=== DATASET SECTION ===
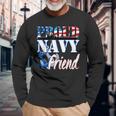 Proud Navy Friend Usa Military Patriotic Long Sleeve T-Shirt Gifts for Old Men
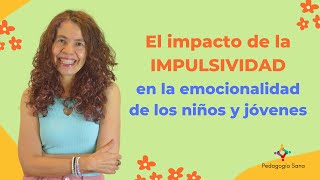 El impacto de la impulsividad en la emocionalidad de los niños y jóvenes [upl. by Igal]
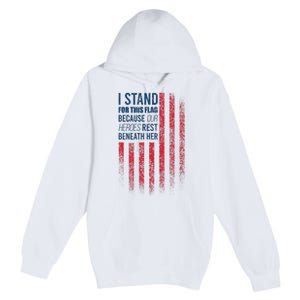 I Stand For This Flag Because Our Heroes Rest Beneath Her Premium Pullover Hoodie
===
WORK TO COMPLETE
Take the lines from the one containing "El impacto de" through the last line of the listing and repeat them exactly. Omit the pictures.

REPLY TO THE EXERCISE
 El impacto de la impulsividad en la emocionalidad de los niños y jóvenes [upl. by Igal]
 I Stand For This Flag Because Our Heroes Rest Beneath Her Premium Pullover Hoodie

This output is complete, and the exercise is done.